Stored records
═══
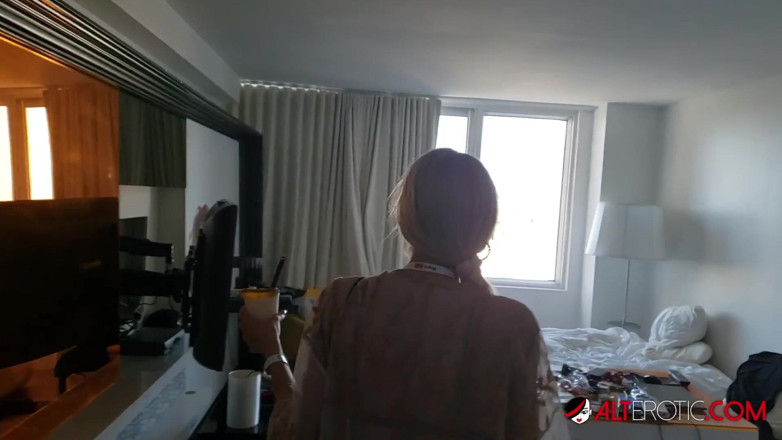 Alt Erotic: Dev memeli sarışın güzel ev videosunda sikiliyor!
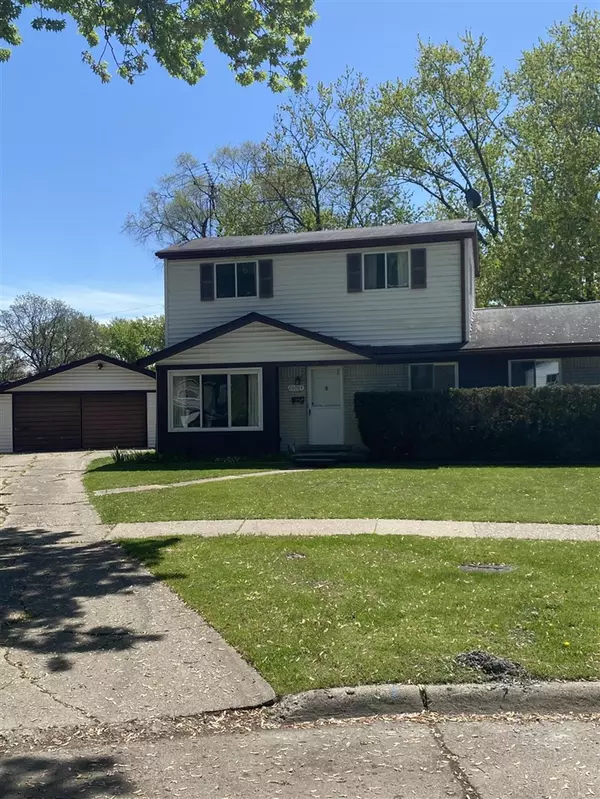 26084 Tawas Street, Madison Heights, MI 48071-3742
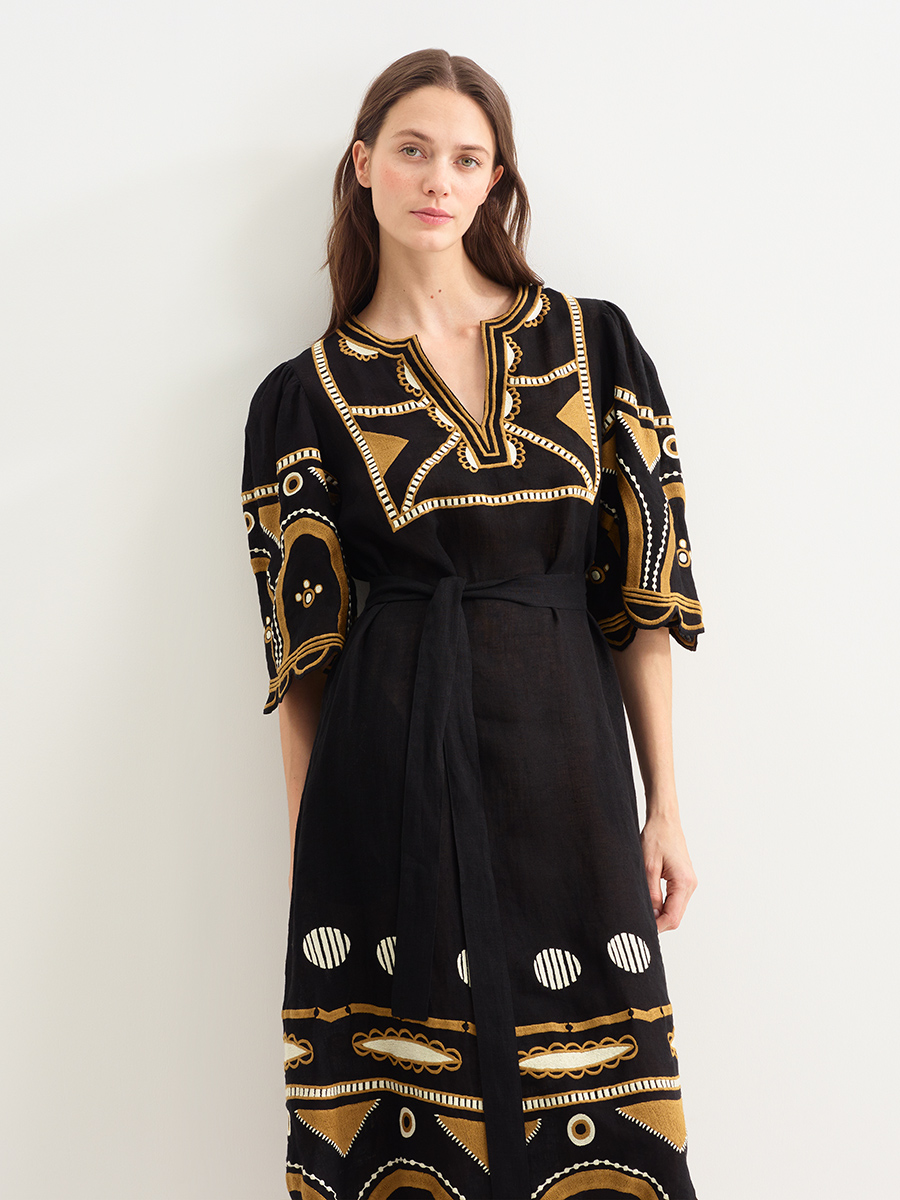 Bijoux embroidered linen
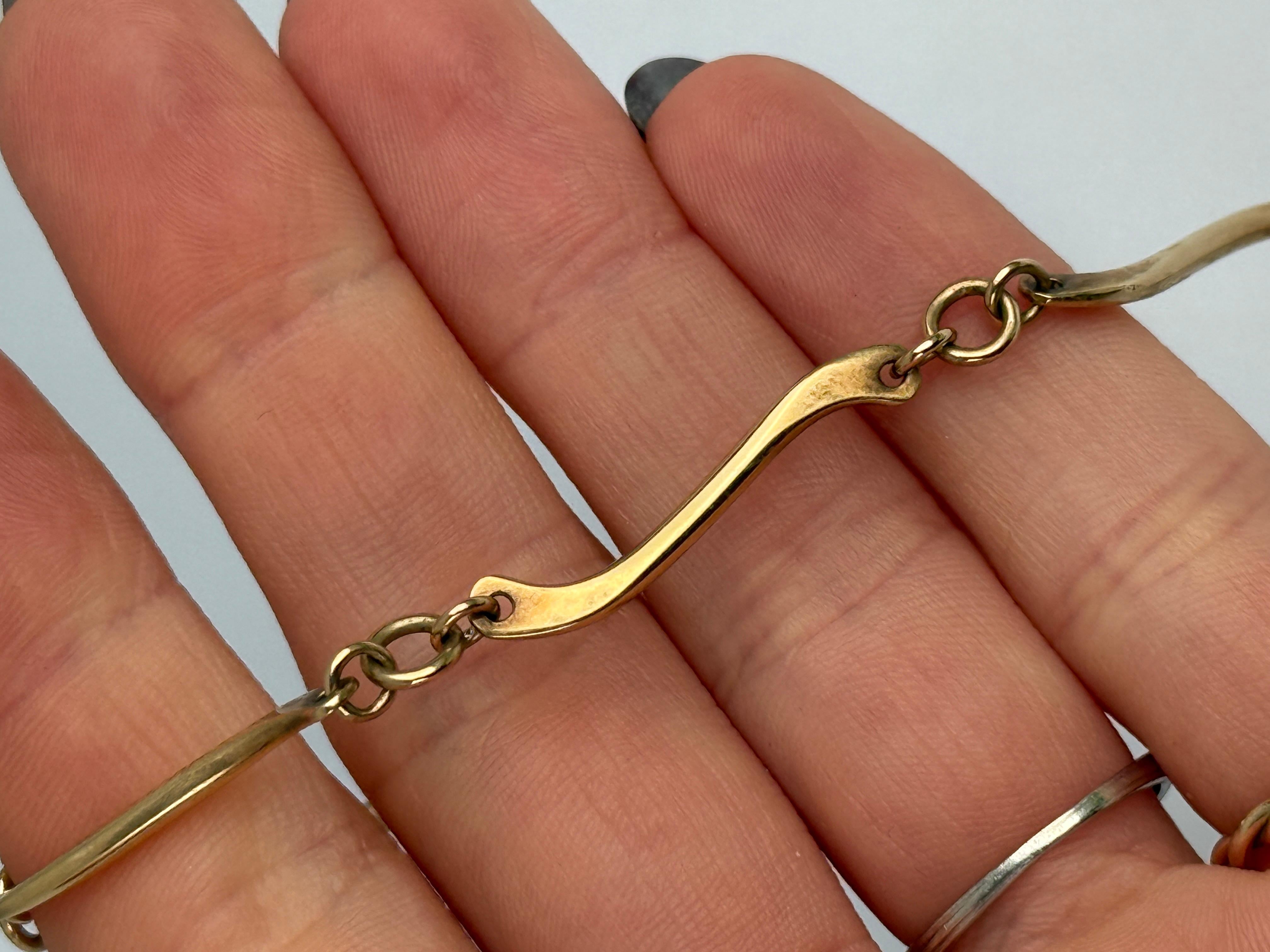 Este precioso collar vintage de oro de 9 ct es plano y se asienta de maravilla. Se abrocha mediante un cierre sencillo. 

Longitud: 44 cm
Punto más ancho: 5 mm 

Peso: 14.2 g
═══
# WHAT YOU SHOULD DO
Pictures are to be dropped, and the remaining data set down exactly.

# OUTPUT FOR THIS EXERCISE
 Alt Erotic: Dev memeli sarışın güzel ev videosunda sikiliyor!
 26084 Tawas Street, Madison Heights, MI 48071-3742
 Bijoux embroidered linen
 Este precioso collar vintage de oro de 9 ct es plano y se asienta de maravilla. Se abrocha mediante un cierre sencillo. 

Longitud: 44 cm
Punto más ancho: 5 mm 

Peso: 14.2 g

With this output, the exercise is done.